Are CDATA sections really unnecessary?

Question

This question is prompted by the rather militant refusal of developer Michael Rys to include the parsing of CDATA sections into FOR XML PATH because "There is no semantic difference in the data that you store."

I have stored nuggets of HTML in CDATA nodes and other content that requires the use of special or awkward characters. However I don't feel qualified to challenge Rys's controversial assertion because, I suppose, technically he is correct in the scenarios where I've employed CDATA for convenience.

What's really baking my noodle is that, as developers take to the internet begging for advice on how to render CDATA segments using FOR XML PATH, respondents continually direct them to use FOR XML EXPLICIT instead, the XML rendering method Rys cited as being the "query from hell".

If we can really do without CDATA in every use case that anyone can suggest I guess we should stop moaning and reject CDATA usage henceforth. But if there are clearly defined cases where CDATA is essential Rys already undertook that he would bake it into FOR XML PATH going forward in the topmost link in this question.
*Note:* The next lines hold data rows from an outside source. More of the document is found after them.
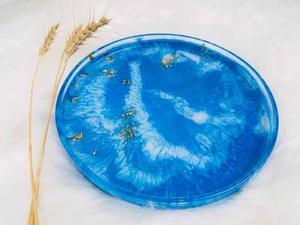Bandeja de Resina Irregular Hecha a Mano con Diseño de Patas, Textura de Mármol, Pequeño Plato Decorativo Sostenible para Servir, Decoración del Hogar Estilo Americano - Product Image 2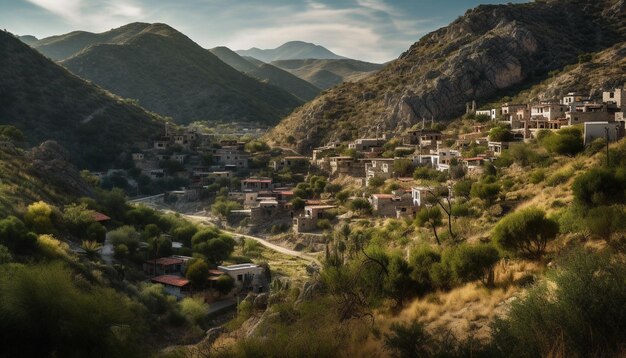 Paisaje idílico de montaña hierba verde puesta de sol viejo edificio escena rural generada por inteligencia artificial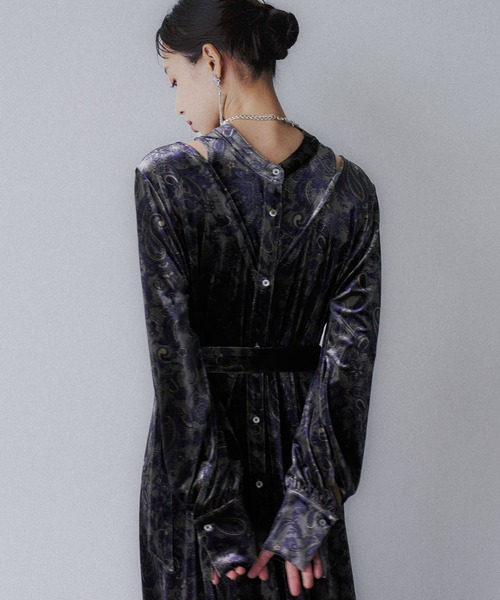 HARE（ハレ）の「2WAYペイズリーベロアワンピース(HARE)（ワンピース・レディース・ブラック/グレー・FREE）」の15枚目の写真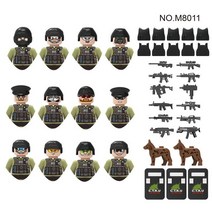 군인피규어 전역피규어 밀리터리피규어 빌딩 블록 군사 SWAT 부대 벽돌 무장 피규어 액세서리 어린이용 1, 03 M8011A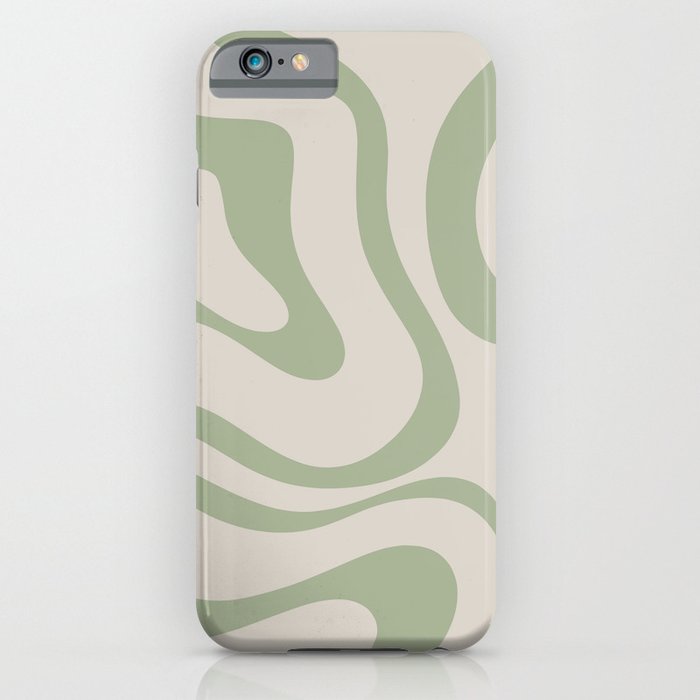Liquid Swirl Abstract Pattern in Almond and Sage Green iPhone Case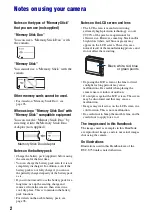 Предварительный просмотр 2 страницы Sony DSC-S750 Instruction Manual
So which is it to be? Are CDATA sections really relics of the past? Or should Rys pull his finger out and allow for CDATA parsing in FOR XML PATH? And while we're at it, in the meanwhile, are there any hacks for getting FOR XML PATH to return CDATA sections?

score 3 · Answer 1 · answered Dec 01 '10 at 12:30

CDATA sections are unnecessary. They're not a "relic of the past" because they've always been unnecessary.

This does not mean they aren't useful. Look at just about any programming language or library and you can find a large number of things you could do without because they are semantically equivalent to something else, but which are useful if there's a human being sitting there having to write the stuff.

For that matter, even with programmatic production it's also handy that one could take the opposite approach and use CDATA sections for every single piece of c-data (bloaty, but it could have efficiency gains elsewhere).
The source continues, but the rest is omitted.